Discourse emails are marked as spam on GMail

(Kuba) #1

I am trying to set up a production installation of Discourse, it’s hosted on Digital Ocean and I am having a very simple issue that GMail marks all emails sent from Discourse as spam. Gmail says It’s similar to messages that were detected by our spam filters. Other mail providers seem to be fine, at least the ones I tried.

I know this probably does not belong here, because it’s not a problem of Discourse, but an issue of my server/hosting/mail configuration. But I’d still like to know if anyone else is having the same problem, or if anyone can point me to things to check or to a solution.

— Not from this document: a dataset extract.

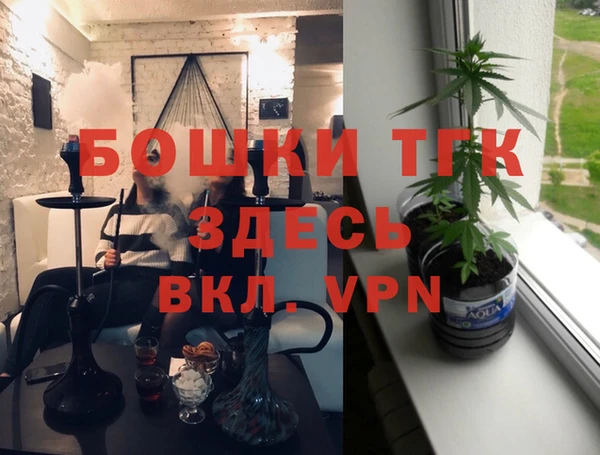 мет Баксан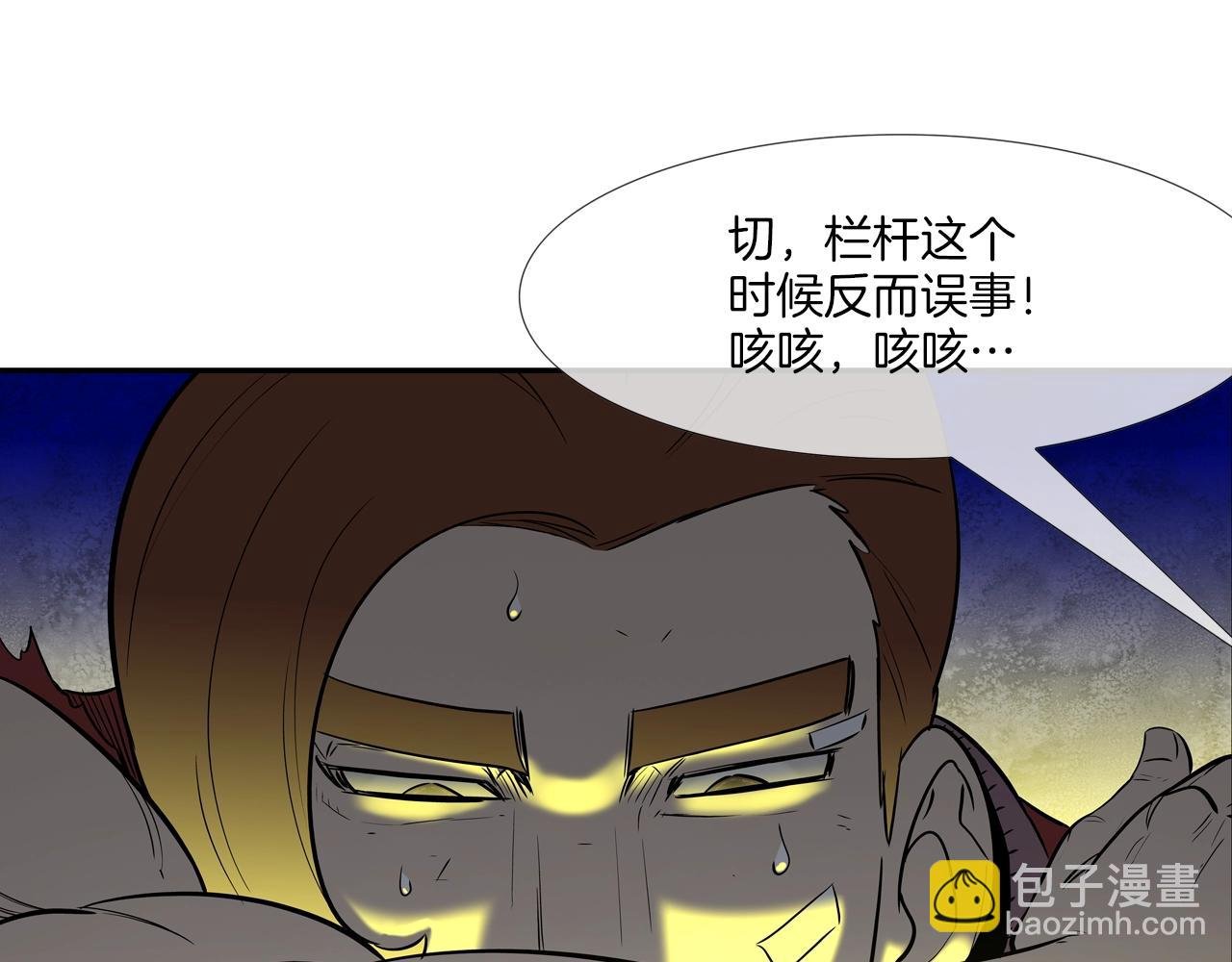 第146话 逃离火区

I do have SFP records and DKIM keys set up, and the email headers say:

Received-SPF: pass (google.com: domain of ... designates 198.199... as permitted sender) client-ip=198.199....;
Authentication-Results: mx.google.com;
   spf=pass (google.com: domain of ... designates 198.199... as permitted sender) smtp.mail=...;
   dkim=pass header.i=@...

Reverse DNS, full hostname on the server, all done.

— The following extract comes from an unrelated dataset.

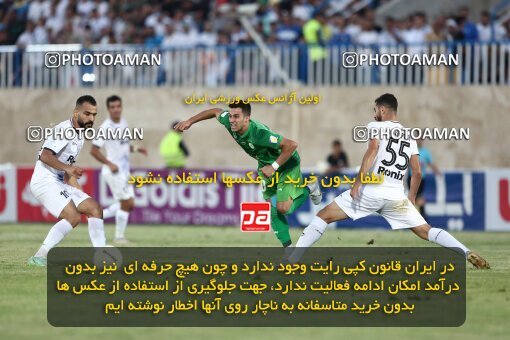 1905097, Bandar Anzali, Iran, لیگ برتر فوتبال ایران، Persian Gulf Cup، Week 4، First Leg، 2022/08/30، Malvan Bandar Anzali 1 - 1 Zob Ahan Esfahan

I have experimented with it a little and found out: When I remove all links from the email, suddently it’s not marked as spam. When I insert any link, such as a link to google.com, it is marked as spam!

I am running a Czech version of Discourse, but even when I switch back to English, it’s still the same. Anyway, I really have no idea how to even dig into this and get any info about what’s wrong. How do I troubleshoot this spam problem? What should I check?

(Iszi) #2

While it may not technically be Discourse’s problem, it would be very beneficial if the team could do something to avoid triggering spam filters.

That said, I also use GMail and I’m pretty sure I haven’t had a Discourse e-mail dropped into spam yet. I’ll have to watch out for that though.

(Jeff Atwood) #3

Well, this could also have to do with the specific language (read, not English) being used in the mail. Certainly we send emails via Gmail with links in them and they are not blanket marked as spam. In general Gmail works very well in not generating false spam positives.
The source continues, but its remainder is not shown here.